Garfield à la rubrique du fait ni à faire

4 décembre 2014, par Jean-Baptiste Kiya

Garfield, dur de la feuille par Jim Davis, éditions Dargaud.

Longtemps on a dit qu’à La Réunion, il y avait une nouvelle espèce de chien le long des routes : fin, avec des traces de pneu dessus. La leçon de Garfield c’est s’en servir comme paillasson devant chez soi – le recyclage.
Ce qu’il y a de marrant avec Garfield, me disait un copain, c’est que le fond est dur et le dessin est mou.
Il faut dire que la vie de ce chat est comme une vieille paire de chaussettes : elle traîne, elle pue.
Jon Arbuckle, son maître – autant qu’on puisse parler de maître à propos d’un chat – est le roi des râteaux, à tel point que son chat dit de lui qu’il a épousé une pizza, ce qui vaut mieux sans doute : au moins ça ne dure pas longtemps.
Ne le voit-on pas pendu au téléphone dire : « Très bien, Hélène, ne sors pas avec moi ! Je ne veux pas de ta pitié… – sauf si tu insistes ! »
Ou : « Salut, Patty, c’est Jon à l’appareil, l’homme de tes rêves… Dis-moi, que veux-tu pour Noël ?… Un numéro sur liste rouge, vraiment ? »
« Salut, Suzanne, on se fait un ciné ? Bon, dans ce cas, est-ce que tu veux juste m’épouser ?… J’espère que tu ne hurleras pas comme ça devant les enfants ! »
Ou bien : « Hélène, c’est Jon. » On entend à l’appareil : « EEEEK ! (Clic.)” A Garfield : « Elle a dû avoir un accident. »

Les deux d’ailleurs, Jon et Garfield, ne s’entendent pas si mal ; il savent s’arranger : à la crétinerie de Jon répond le cynisme de Garfield dont l’unique préoccupation est de manger, et d’écraser l’araignée qu’il a au plafond.

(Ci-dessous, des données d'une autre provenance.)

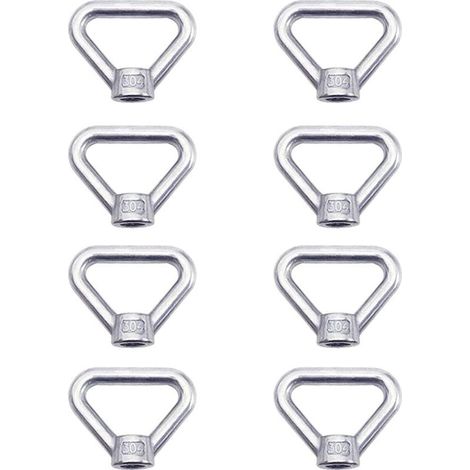 Écrou à Oeil de Levage 8 Pièces M8 Écrou à Anneau Écrou à Vis Argenté 304 en Acier Inoxydable Triangle Anneau Écrou Anneau de Levage Oeil Écrou Attache M8 Écrou à Anneau Femelle (1/5)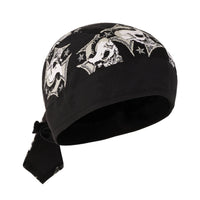 Skull on Iron Cross & Stars Black Textile Motorcycle Headwrap - 
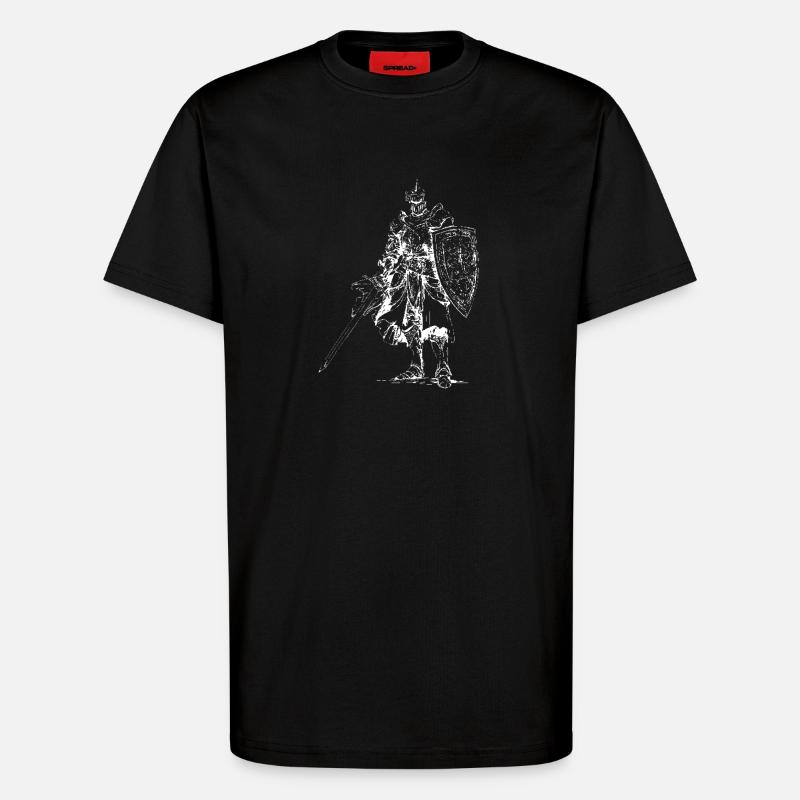 Heraldic Knight with Shield - T-Shirt - made by SPREAD - SOLID BLACK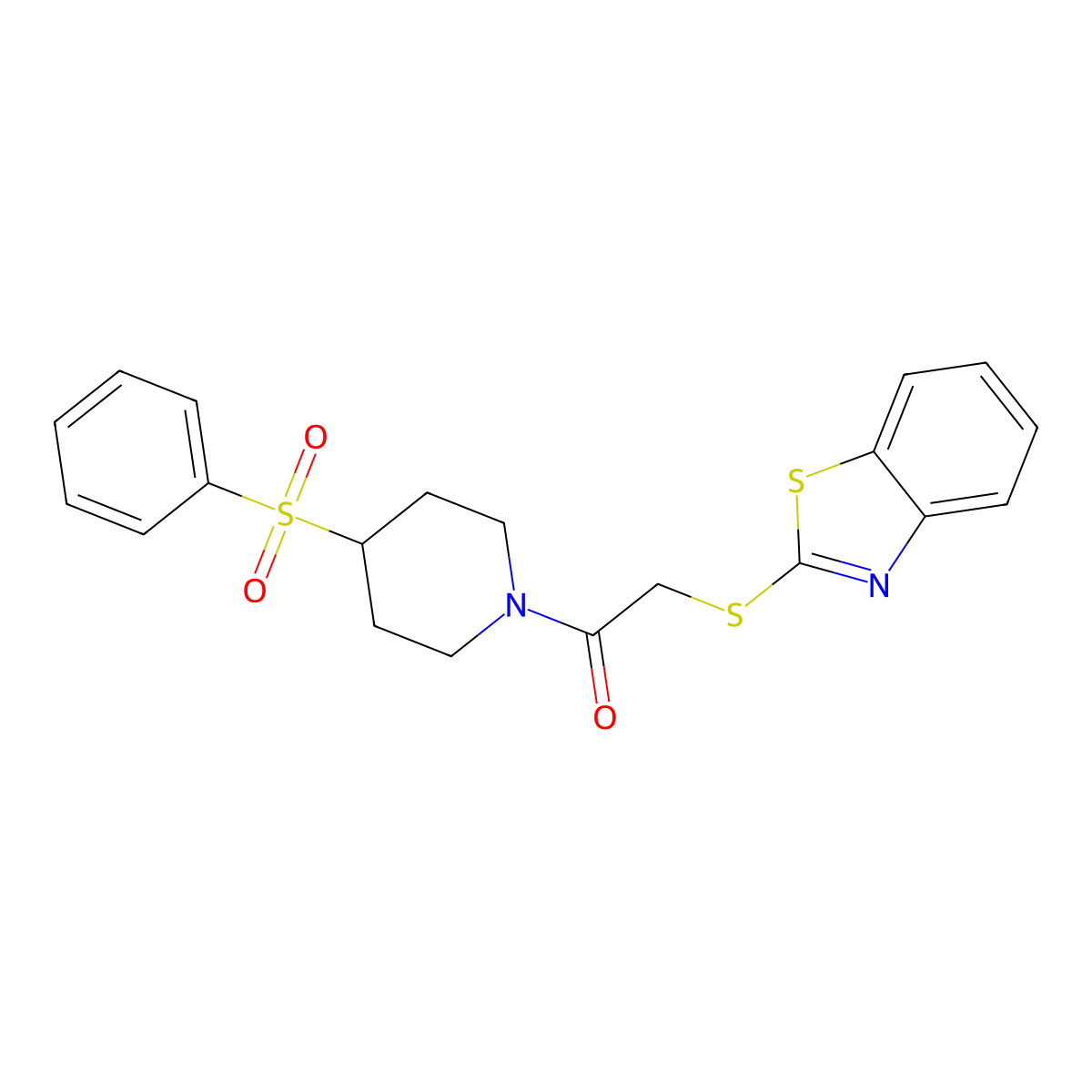 2-(Benzo[d]thiazol-2-ylthio)-1-(4-(phenylsulfonyl)piperidin-1-yl)ethanone molecular structure, CAS 1448073-49-1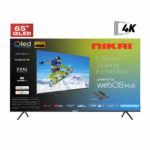 (NIK65MEU4QLED) شاشة نيكاي كيوليد 65بوصة الترا (ويب او اس) , سمارت , تصميم إطار نحيف , 2يو اس بي , 3 اتش دي ام اي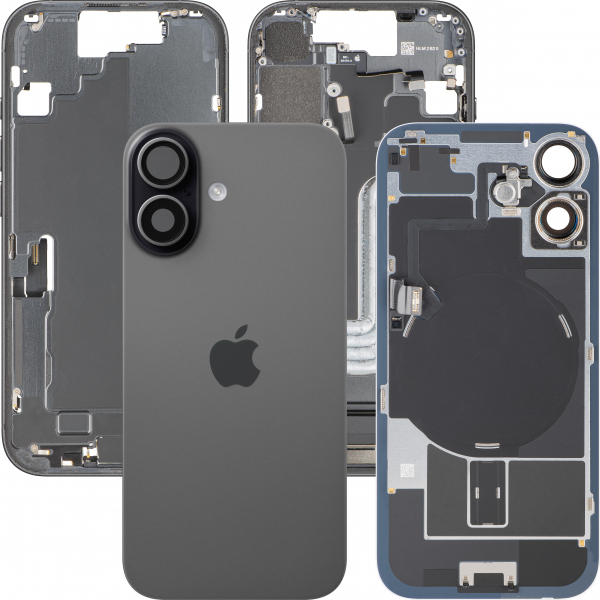 Capac Baterie Apple iPhone 17, Cu Carcasa Mijloc, Full Parts, Negru, Swap Premium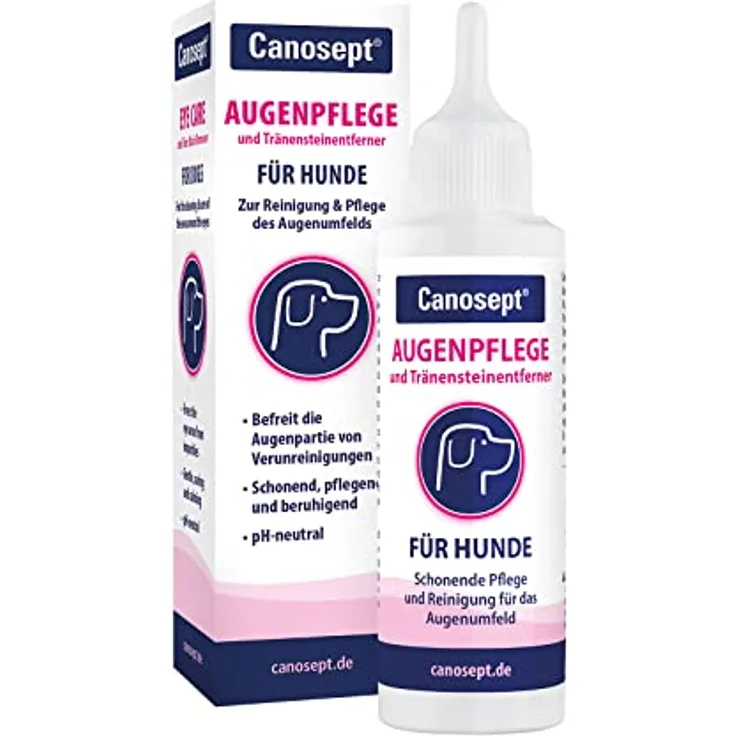 Canosept Augenpflege für Hunde 120ml - Tränenfleckenentferner - Beruhigend und pH-neutral - Ohne Parfum - Ideal für empfindliche Hundepflege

La presse écrite avait jadis cette fonction ; c’est moins pratique avec un ordinateur.
Une araignée, au chat orange : « Mon dos me gratte. » Alors Garfield prend un journal et en assène de grands coups sur la bestiole qui s’aplatit vite fait. « Ça va mieux ?, fait le chat. – Un peu plus à gauche. »
Les commentateurs ont dit que Jon, c’est un monde parallèle. Il se plaint sempiternellement d’être seul, alors qu’il a un chat poilant avec lequel il ne se poile même pas. Ils mettent au centre de leur existence l’ennui pour s’apercevoir qu’il recèle bien des recoins inattendus autant que poussiéreux.
Regardez par exemple, le chien Odie comme il boit l’eau de la cuvette des toilettes au lieu d’en prendre dans sa gamelle. Et quand il y a des problèmes, c’est sûr il y a toujours des fausses solutions.

Le félidé, d’une paresse épique, qui ne passe pas dans la chatière, est pourtant le personnage de tous les écarts : paumé entre son animalité et son humanité. Il cultive la mauvaise foi comme une fleur : en urinant dessus ; il rumine sa paresse comme un vieux chewing-gum qu’il va coller au derrière d’Odie pour lui dire : « Assis ».
La relation de Jon et de son chat, c’est celle d’un père indifférent et de son grand fils fainéant : la déception est réciproque, et la tolérance sans fond. Ils s’offrent un spectacle ridicule dont ils ont pleinement conscience – c’est la force de leur faiblesse. Même les lamentations sont superflues. La catastrophe quotidienne est non seulement acceptée, mais attendue, de sorte qu’on s’en remet une couche. Ces personnages sont revenus de tout sauf d’eux-mêmes. Rien de bien sérieux donc dans ce couple dont le ridicule s’offre à chaque fois en de surprenantes facettes.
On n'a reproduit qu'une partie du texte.